France: Un début d’union nationale?

par Valérie Lecasble |  publié le 09/03/2025

Forte du soutien de l’opinion publique, propulsée par le couple Emmanuel Macron à l’Élysée et Sébastien Lecornu à la Défense, la France se place au cœur de la riposte à la défection trumpienne. Avec la bénédiction des partis politiques, sauf le RN et LFI.

Emmanuel Macron et le ministre des Forces armées Sébastien Lecornu, lors d'une visite au Cyber ​​​​Commandement (CATNC) de l'armée française, près de Rennes, le 20 janvier 2025. (Photo Stéphane Mahé / POOL / AFP)

Le choix de Paris pour réunir ce mardi 11 mars les chefs d’état-major des armées européennes, puis le lendemain les principaux ministres de la Défense, ne doit rien au hasard. Seule nation d’Europe à détenir une dissuasion nucléaire autonome – celle des Britanniques dépend de Washington – et forte d’une armée professionnelle de 200 000 hommes, la plus nombreuse d’Europe derrière la Pologne, la France est dirigée par un président qui plaide depuis 7 ans pour l’autonomie stratégique de l’Europe, avec un jeune ministre des Armées qui a acquis en trois ans le respect des militaires. Ces deux-là, enfin, s’entendent comme larrons en foire : plutôt que Bayrou, Macron voulait nommer Lecornu à Matignon.

Le couple tient sa revanche. Depuis l’arrivée au pouvoir de Donald Trump, qu’il nomme l’« imprévisible partenaire américain », le ministre des Armées se retrouve de facto sur le devant de la scène. Ce fin politique l’a vite compris, qui est sorti de sa discrétion sur France Inter puis dans la Tribune Dimanche pour marquer sa trace. Il y fixe le cap : à 32 milliards d’euros en 2017, le budget de la Défense a crû à 50,5 milliards en 2025 pour une trajectoire initiale de 68 milliards en 2030. Mieux, mais insuffisant dit Lecornu qui trace un « horizon autour de 100 milliards par an ».

Les Français valident la stratégie dans un récent sondage Ifop où ils rejettent à 84% une paix en Ukraine négociée sans les Ukrainiens ; souhaitent à 79 % une riposte contre les taxes douanières américaines ; s’inquiètent à 77% que Poutine menace la paix en Europe ; et applaudissent à 76% aux investissements supplémentaires dans la défense à condition toutefois de ne pas augmenter les impôts.

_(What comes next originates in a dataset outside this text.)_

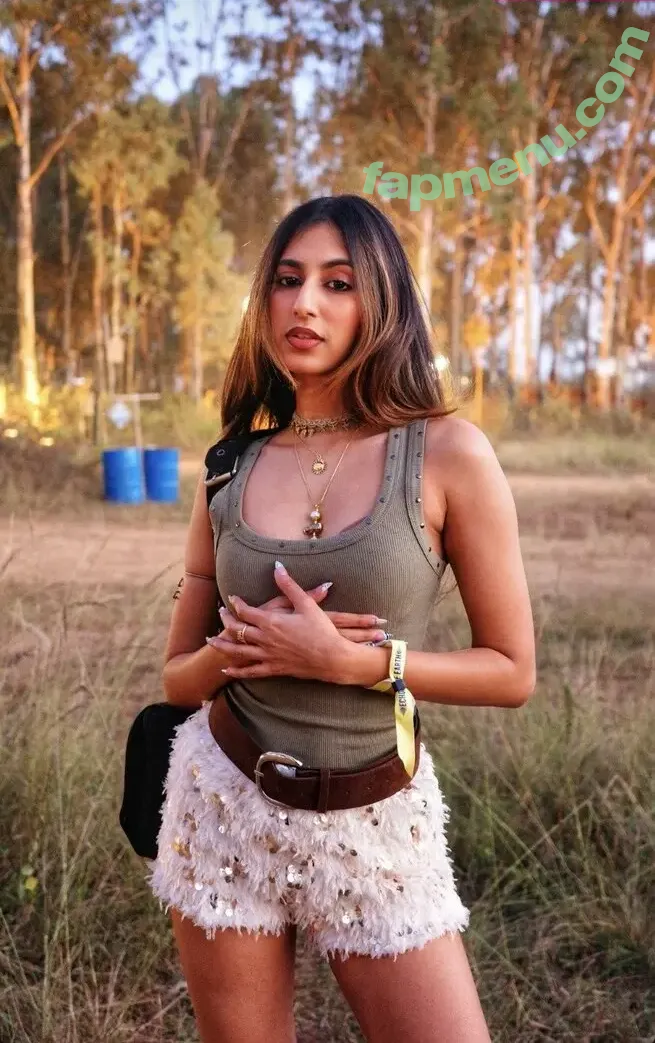 Vishnupriyaaa nude photo #0028 (Vishnu priya)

« Quand vous n’êtes pas invité à la table des négociations, c’est que vous êtes au menu (..) nous n’avons pas à être les serpillières sur lesquelles les empires s’essuient les pieds », s’indigne Raphaël Glucksmann avec les mots de celui qui alerte depuis vingt ans sur la menace que fait peser la Russie de Poutine sur les démocraties européennes.
Afin de rallier le monde politique à sa cause, Sébastien Lecornu inaugure jeudi 14 mars un format inédit : en présence de l’état-major des armées et des services de renseignement, il convoque tous les groupes parlementaires sans exception pour les informer confidentiellement de l’état réel des menaces qui pèsent sur la France.

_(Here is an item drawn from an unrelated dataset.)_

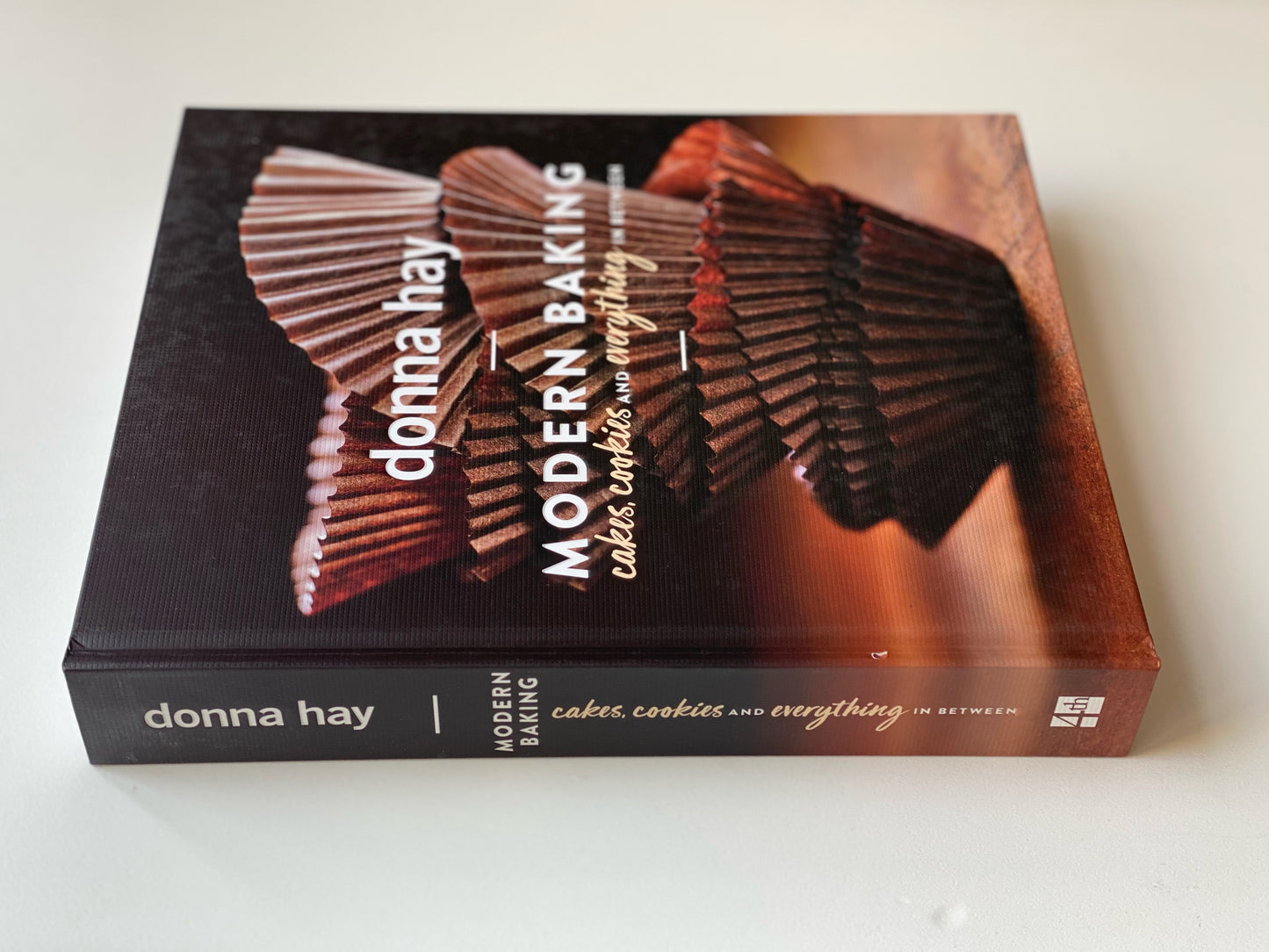 Donna Hay - Modern Baking Cook Book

Les prémices d’une union nationale autour des forces armées françaises ? Dans le jargon militaire, cela s’appelle l’esprit de défense. Outre la révision du Service National Universel (SNU), Lecornu insiste sur la nécessité de renforcer le nombre des réservistes toutes compétences confondues, de 45 000 aujourd’hui à au moins 80 000 en 2030.
Pour aller vers une troisième guerre mondiale ? Au contraire, dit Lecornu en substance : « si vis pacem, para bellum » (*).

(*) « Si tu veux la paix, prépare la guerre ».